Malathion

Malathion is an organophosphate (OP) insecticide that has been registered for use in the United States since 1956. It is used in agriculture, residential gardens, public recreation areas, and in public health pest control programs. When applied in accordance with the rate of application and safety precautions specified on the label, malathion can be used to kill mosquitoes without posing unreasonable risks to human health or the environment.

How is Malathion Used in Mosquito Control?

The mosquito goes through four distinct stages during its life cycle: egg, larva, pupa, and adult. Malathion is an adulticide, used to kill adult mosquitoes. In mosquito control programs conducted by state or local authorities, malathion is applied by truck-mounted or aircraft-mounted sprayers. Malathion is applied as an ultra-low volume spray. ULV sprayers dispense very fine aerosol droplets that stay aloft and kill mosquitoes on contact. ULV applications involve small quantities of pesticide active ingredient in relation to the size of the area treated. For mosquito control, malathion is applied at a maximum rate of 0.23 pounds (less than 4 ounces) of active ingredient per acre per day, which minimizes exposure and risks to people and the environment.

Does Malathion Pose Risks to Human Health?

Malathion can be used for public health mosquito control programs without posing unreasonable risks to the general population when applied according to the label. We have estimated the exposure and risks to both adults and children posed by ULV aerial and ground applications of malathion. Because of the very small amount of active ingredient released per acre of ground, the estimates found that for all scenarios considered, exposures were several times below an amount that might pose a health concern. These estimates assumed that a toddler would ingest some soil and grass in addition to skin and inhalation exposure. However, at high doses, well above those for normal labeled uses, malathion, like other organophosphates, can overstimulate the nervous system causing nausea, dizziness, or confusion. Severe high-dose poisoning with any organophosphate can cause convulsions, respiratory paralysis, and death.

Does Malathion Pose Risks to Wildlife or the Environment?

Malathion used in mosquito control programs does not pose unreasonable risks to wildlife or the environment. Malathion degrades rapidly in the environment, especially in moist soil. Malathion is highly toxic to insects, including beneficial insects such as honeybees, it is toxic to aquatic organisms, including fish and invertebrates. For that reason, we have established specific precautions on the label to reduce such risks. Additionally, previously completed screening-level risk assessments and exceedances of agency levels of concern indicate a need to further examine and potentially refine estimates of acute and chronic risk to terrestrial and aquatic animals during registration review.

On November 18, 2008, the National Marine Fisheries Service issued its biological opinion for endangered Pacific salmonid species. The opinion found that use of malathion will jeopardize 27 evolutionarily significant units (ESU) and is likely to adversely affect, but not jeopardize, one ESU. An ESU is a term used by NMFS to identify distinct population segments of Pacific salmon. The biological opinion further finds that use of malathion will adversely modify designated critical habitat of all but one ESU(PDF)(484 pp, 11.04 MB) We are currently evaluating how we will respond to the NMFS biological opinion and how to implement it.

What is the Current Regulatory Status of Malathion?

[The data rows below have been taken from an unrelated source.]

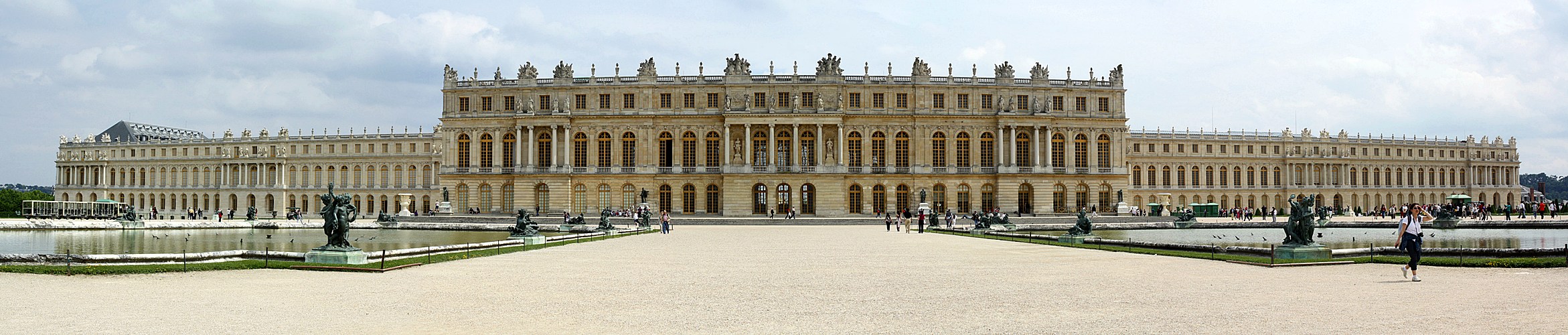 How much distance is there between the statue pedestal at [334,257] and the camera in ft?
62.7

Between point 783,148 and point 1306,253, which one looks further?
point 783,148

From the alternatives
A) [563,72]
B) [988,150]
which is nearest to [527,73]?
[563,72]

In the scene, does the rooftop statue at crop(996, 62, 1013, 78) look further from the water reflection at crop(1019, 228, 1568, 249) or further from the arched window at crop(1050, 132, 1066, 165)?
the water reflection at crop(1019, 228, 1568, 249)

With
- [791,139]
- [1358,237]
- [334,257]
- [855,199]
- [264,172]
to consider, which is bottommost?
[1358,237]

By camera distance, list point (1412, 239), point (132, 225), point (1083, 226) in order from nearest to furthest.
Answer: point (1412, 239) → point (1083, 226) → point (132, 225)

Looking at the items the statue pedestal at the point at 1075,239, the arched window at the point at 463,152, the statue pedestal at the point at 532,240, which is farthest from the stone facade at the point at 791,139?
the statue pedestal at the point at 532,240

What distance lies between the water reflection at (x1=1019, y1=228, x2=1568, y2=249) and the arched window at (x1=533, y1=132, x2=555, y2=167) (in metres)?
40.3

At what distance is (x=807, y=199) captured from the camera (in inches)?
2719

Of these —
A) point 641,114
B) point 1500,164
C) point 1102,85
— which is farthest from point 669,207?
point 1500,164

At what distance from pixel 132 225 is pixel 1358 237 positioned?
167 feet

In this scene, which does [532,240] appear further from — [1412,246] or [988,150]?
[988,150]

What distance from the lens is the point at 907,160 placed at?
226 ft

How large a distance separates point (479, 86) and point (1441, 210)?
58.1 metres

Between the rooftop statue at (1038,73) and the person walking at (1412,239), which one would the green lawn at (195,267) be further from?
the rooftop statue at (1038,73)
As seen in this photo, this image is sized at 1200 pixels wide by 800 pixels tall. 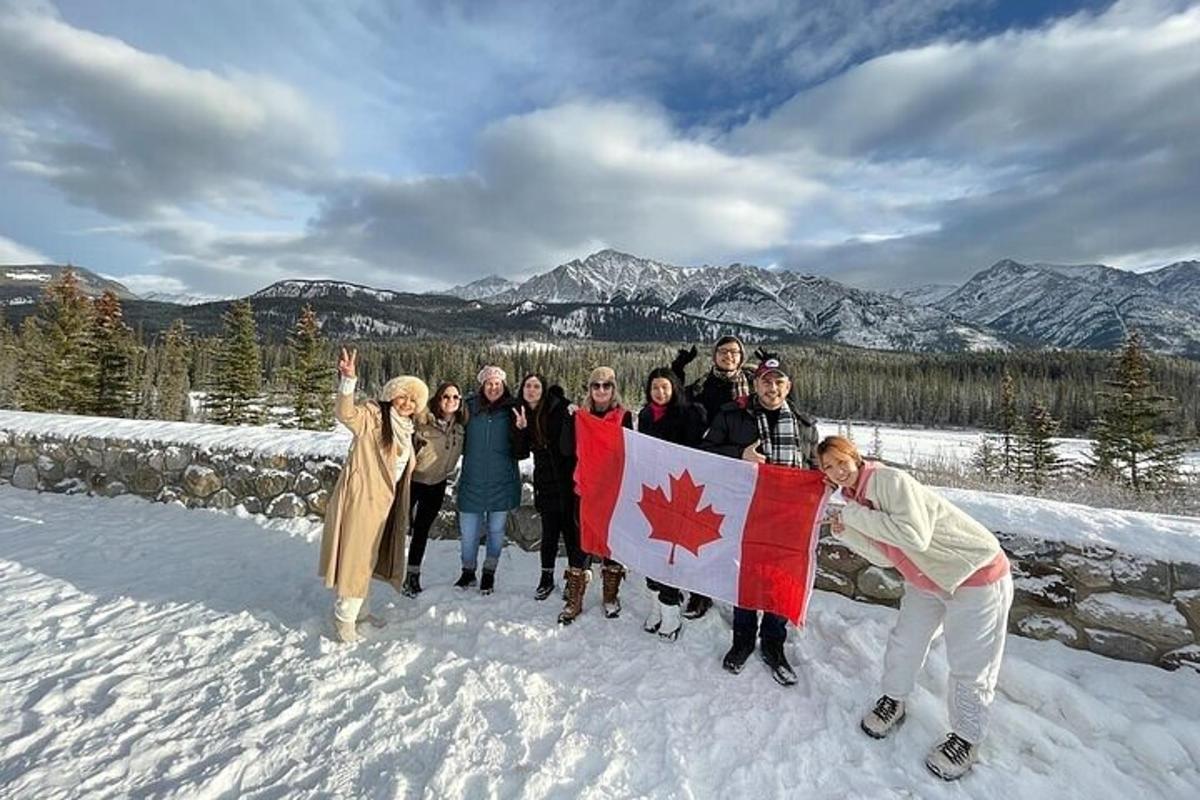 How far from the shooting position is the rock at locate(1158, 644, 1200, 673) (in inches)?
146

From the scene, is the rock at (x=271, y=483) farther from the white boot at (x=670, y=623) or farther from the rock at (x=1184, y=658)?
the rock at (x=1184, y=658)

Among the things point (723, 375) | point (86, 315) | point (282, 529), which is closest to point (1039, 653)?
point (723, 375)

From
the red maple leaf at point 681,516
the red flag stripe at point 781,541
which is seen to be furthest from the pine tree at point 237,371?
the red flag stripe at point 781,541

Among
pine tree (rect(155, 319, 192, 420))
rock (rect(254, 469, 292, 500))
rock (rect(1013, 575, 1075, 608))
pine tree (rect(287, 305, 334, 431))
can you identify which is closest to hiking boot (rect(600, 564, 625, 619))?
rock (rect(1013, 575, 1075, 608))

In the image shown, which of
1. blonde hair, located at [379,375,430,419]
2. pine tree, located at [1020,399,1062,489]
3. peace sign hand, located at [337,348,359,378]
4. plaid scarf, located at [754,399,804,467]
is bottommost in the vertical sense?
pine tree, located at [1020,399,1062,489]

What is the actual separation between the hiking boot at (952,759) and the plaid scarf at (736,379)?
8.25 feet

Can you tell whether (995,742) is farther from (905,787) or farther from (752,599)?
(752,599)

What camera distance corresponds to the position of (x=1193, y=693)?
3594mm

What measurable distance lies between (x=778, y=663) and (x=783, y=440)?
5.13 feet

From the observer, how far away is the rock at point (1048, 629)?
159 inches

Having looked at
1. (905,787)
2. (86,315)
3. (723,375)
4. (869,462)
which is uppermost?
(86,315)

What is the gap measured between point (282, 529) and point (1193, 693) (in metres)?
7.95

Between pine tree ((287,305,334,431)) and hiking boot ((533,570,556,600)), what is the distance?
29.2 meters

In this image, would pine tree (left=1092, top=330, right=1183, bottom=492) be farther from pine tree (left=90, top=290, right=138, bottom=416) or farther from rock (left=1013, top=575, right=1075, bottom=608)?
pine tree (left=90, top=290, right=138, bottom=416) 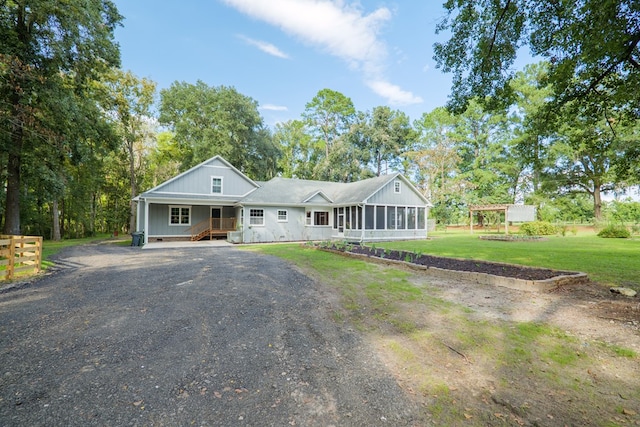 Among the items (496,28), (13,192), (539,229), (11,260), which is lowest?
(11,260)

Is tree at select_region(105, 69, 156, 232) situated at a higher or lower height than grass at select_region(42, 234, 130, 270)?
higher

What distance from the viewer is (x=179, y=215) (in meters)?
20.4

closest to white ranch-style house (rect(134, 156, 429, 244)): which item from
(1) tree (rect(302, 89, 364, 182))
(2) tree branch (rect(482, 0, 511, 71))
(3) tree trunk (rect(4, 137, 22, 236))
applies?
Result: (3) tree trunk (rect(4, 137, 22, 236))

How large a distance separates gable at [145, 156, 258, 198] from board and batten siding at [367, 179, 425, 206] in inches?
356

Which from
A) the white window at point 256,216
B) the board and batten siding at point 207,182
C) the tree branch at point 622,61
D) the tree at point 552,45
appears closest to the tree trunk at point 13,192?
the board and batten siding at point 207,182

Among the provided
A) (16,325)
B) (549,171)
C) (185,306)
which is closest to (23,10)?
(16,325)

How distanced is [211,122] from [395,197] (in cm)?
2254

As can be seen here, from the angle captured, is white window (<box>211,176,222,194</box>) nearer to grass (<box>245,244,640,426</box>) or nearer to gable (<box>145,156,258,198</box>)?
gable (<box>145,156,258,198</box>)

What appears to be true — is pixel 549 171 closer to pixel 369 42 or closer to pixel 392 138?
pixel 392 138

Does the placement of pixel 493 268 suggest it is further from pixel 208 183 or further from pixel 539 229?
pixel 539 229

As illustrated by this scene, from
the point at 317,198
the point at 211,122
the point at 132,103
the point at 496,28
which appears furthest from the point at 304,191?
the point at 132,103

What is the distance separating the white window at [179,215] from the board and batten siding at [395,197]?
1276 cm

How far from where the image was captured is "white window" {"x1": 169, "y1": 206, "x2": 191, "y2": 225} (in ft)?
66.0

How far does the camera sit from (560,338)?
3.81 metres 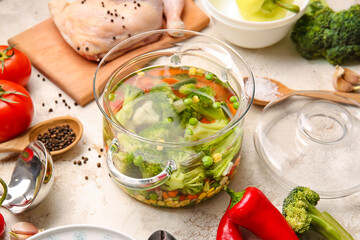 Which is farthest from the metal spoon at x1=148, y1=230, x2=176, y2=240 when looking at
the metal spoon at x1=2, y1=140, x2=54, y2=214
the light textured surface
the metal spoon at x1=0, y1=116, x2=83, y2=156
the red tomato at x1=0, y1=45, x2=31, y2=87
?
the red tomato at x1=0, y1=45, x2=31, y2=87

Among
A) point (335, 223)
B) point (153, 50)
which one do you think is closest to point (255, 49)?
point (153, 50)

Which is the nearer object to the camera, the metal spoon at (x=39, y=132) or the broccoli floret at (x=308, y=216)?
the broccoli floret at (x=308, y=216)

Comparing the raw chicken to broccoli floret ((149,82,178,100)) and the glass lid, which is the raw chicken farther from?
the glass lid

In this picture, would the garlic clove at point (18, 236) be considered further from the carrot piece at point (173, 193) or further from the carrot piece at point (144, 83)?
the carrot piece at point (144, 83)

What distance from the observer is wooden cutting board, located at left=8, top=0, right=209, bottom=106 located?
2.19 m

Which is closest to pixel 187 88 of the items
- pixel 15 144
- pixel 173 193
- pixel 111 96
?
pixel 111 96

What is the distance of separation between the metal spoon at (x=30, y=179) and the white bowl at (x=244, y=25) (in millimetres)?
1042

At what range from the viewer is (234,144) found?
1686 mm

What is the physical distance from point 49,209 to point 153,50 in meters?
0.79

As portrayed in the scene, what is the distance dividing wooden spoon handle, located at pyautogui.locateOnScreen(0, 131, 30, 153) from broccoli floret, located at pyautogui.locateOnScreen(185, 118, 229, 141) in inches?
29.1

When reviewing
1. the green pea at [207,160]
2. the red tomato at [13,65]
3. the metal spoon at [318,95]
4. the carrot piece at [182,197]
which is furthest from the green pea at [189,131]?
the red tomato at [13,65]

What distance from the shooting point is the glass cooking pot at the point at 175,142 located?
5.14 feet

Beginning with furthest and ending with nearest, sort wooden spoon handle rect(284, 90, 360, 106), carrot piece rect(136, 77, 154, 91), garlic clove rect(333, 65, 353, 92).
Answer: garlic clove rect(333, 65, 353, 92), wooden spoon handle rect(284, 90, 360, 106), carrot piece rect(136, 77, 154, 91)

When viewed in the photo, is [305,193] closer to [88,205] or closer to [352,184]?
[352,184] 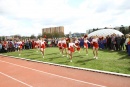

As part of our responsibility to reassess all pesticides, we reviewed malathion in 2006 under the reregistration process and initiated the registration review process in June 2009. All pesticides distributed and sold in the United States must be registered by the EPA, based on scientific data showing that they will not cause unreasonable risks to human health, workers or the environment when used as directed on product labeling. The new registration review program makes sure that, as the ability to assess risk evolves and as policies and practices change, all registered pesticides continue to meet the statutory standard of no unreasonable adverse effects. The Registration Review process for malathion began in June 2009. Read more about the malathion registration review.

Malathion product labels have been amended to include the application rates and risk mitigation measures specified in the 2006 Reregistration Eligibility Decision and 2009 revised RED.

What is Malaoxon and Does it Pose Risks to Human Health?

Since the completion of the Malathion: Revised Human Health Risk Assessment for the Reregistration Eligibility Decision, dated July 31, 2006, the agency received confirmatory data, which has allowed us to refine several toxicological assumptions for malaoxon, a more toxic compound that is formed from malathion under certain conditions. For example, malathion runoff and spray drift may reach drinking water sources downstream from where the malathion was used.

Malathion present in untreated water will form malaoxon during the chlorination process in water treatment facilities. Malaoxon can also form more slowly when malathion is deposited on hard, dry surfaces and exposed to air over time. Our assessment shows that, even when considering the presence of malaoxon on surfaces following applications of malathion for mosquito control, the relatively low application rates and small droplet sizes used in these types of applications result in minimal exposure to people in the treated area.

Furthermore, the refinement of the toxicity data confirms that our conclusions in the acute, short-term and intermediate-term exposure scenarios and risk assessments were adequately conservative to protect human health. Therefore, the overall human health risk from exposure to malathion and malaoxon would be lower than was calculated in the human health risk assessments developed for the malathion RED.